Con il Governo ed il Ministro del Lavoro bisognerebbe parlare di questo e addivenire a provvedimenti certi. Basta slogan, ora vogliamo fatti. Inoltre, è arrivato anche il momento di esplicare il Decreto Dignità per colmare la gravissima lacuna relativa agli incentivi al lavoro stabile. Alla luce dell’attuale situazione economica e occupazionale, ancora molto incerta, il sindacato ha avanzato proposte necessarie ed urgenti per assicurare protezione sociale già nei prossimi mesi a decine di migliaia di persone con situazioni in scadenza e, in questo contesto, risulta apprezzabile l’apertura del Ministero del Lavoro relativa ad ammortizzatori sociali e politiche attive.
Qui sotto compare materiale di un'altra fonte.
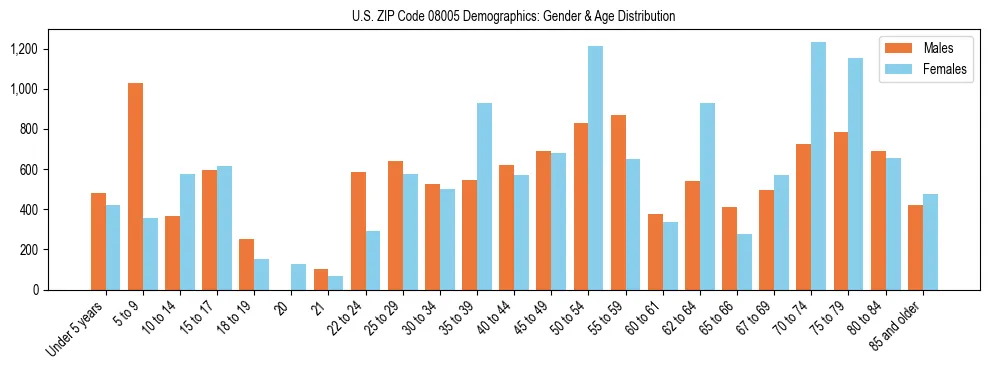 Bar chart showing the population distribution of US ZIP Code 08005 by age group and gender, based on 2023 ACS data.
Si rende necessaria la proroga di 12 mesi della Cigs (cassa integrazione) e della mobilità in deroga, sia per le aziende che operano in aree di crisi complessa sia in quelle realtà che fronteggiano piani di risanamento complessi, eliminando l’attuale limite dei 100 dipendenti. Non mi soffermo oltre ad analizzare varie altre situazioni, relative a ricerca, attività culturali, giustizia e, soprattutto, tutela dell’ambiente, del territorio e delle infrastrutture, alla luce degli avvenimenti degli ultimi mesi.
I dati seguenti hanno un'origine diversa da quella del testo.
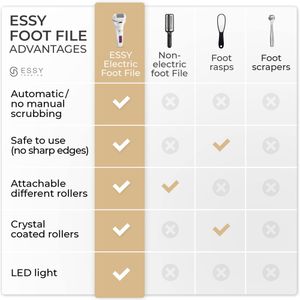 Essy Electric Foot File – White Pedicure Callus Remover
La trattazione porterebbe via davvero troppo tempo. Le situazioni con cui si dovrà misurare il Governo saranno di sicuro numerose ed importanti, fondamentali per la nostra Nazione; l’augurio è che il confronto con le parti sociali, a questo punto necessario ed indifferibile, possa portare ad individuare, prevedere ed attuare i necessari provvedimenti atti a garantire una reale ripresa economica ed a creare i presupposti di uno stato sociale basato su equità e giustizia sociale. Ringrazio tutti ed auguro una buona continuazione dei lavori.